Sometimes I’ll come to general 'get acquainted' introductory calls with a proper agenda, but more often than not I show up with just one question.
“What are you seeking?”
And more often than not, it throws them. I believe this happens for two reasons.
First, it’s a bit unusual as a framing. You need to do a little bit of mental gymnastics. It’s harder to answer than ‘what did you have for breakfast’ or ‘what time is it?’.
This makes sense. Gymnastics is hard (there's only one Simone Biles, after all). If there’s an excessively long silence or discomfort I’ll restate it in a slightly different way - like “what’s on your mind for next year?”, or “which parts of the business are you most focused on for the coming months?”. But I'll try and avoid this, for reasons I outline below.
The second reason? People often say they never get asked questions like this. I find this surprising. Actually, I find it baffling. Do people really never ask questions like this? Isn’t that a big part of what conversation is for - to learn about people, their motivations, story, interests, goals, needs?

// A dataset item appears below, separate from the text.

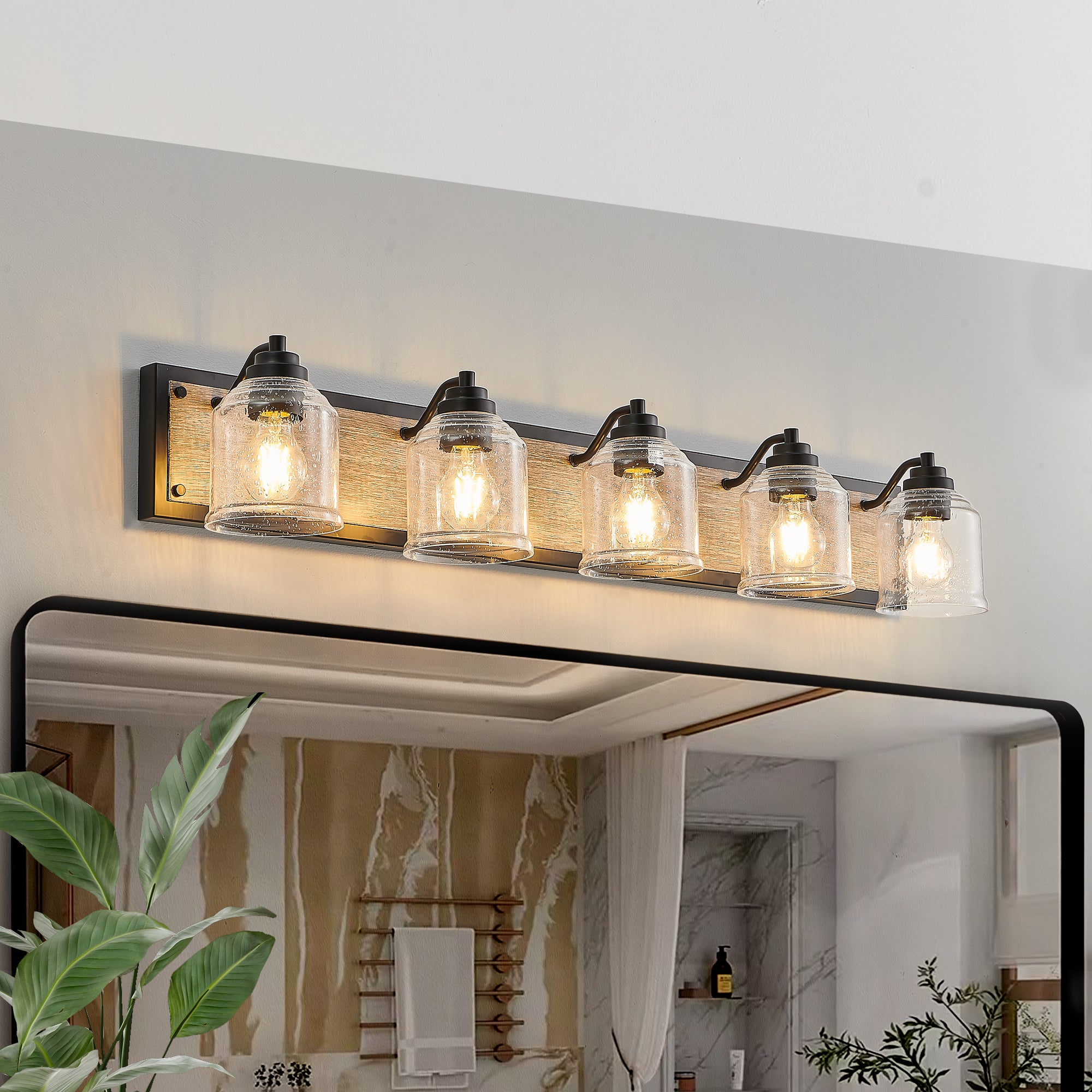 Sutton™ Vanity Light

And arguably even more so in a business context?
Yet despite (or because of?) these two reasons for them being thrown out of whack, my ‘Seeking’ question nearly always unearths something interesting.
It starts to get to:
- What’s at the edge of the picture, that you can see but can’t reach?
- What - or often who - isn’t in your life right now?
- Where are you feeling depleted?
- Where’s your curiosity taking you?
- What’s missing?
But why this question, and more specifically this wording?
Me and a good friend and collaborator like to remind ourselves of something from time to time - especially when we're connecting with someone who has seemingly high status/wealth/power/influence.
Everyone’s seeking. Everyone.
And very few people ask them about it.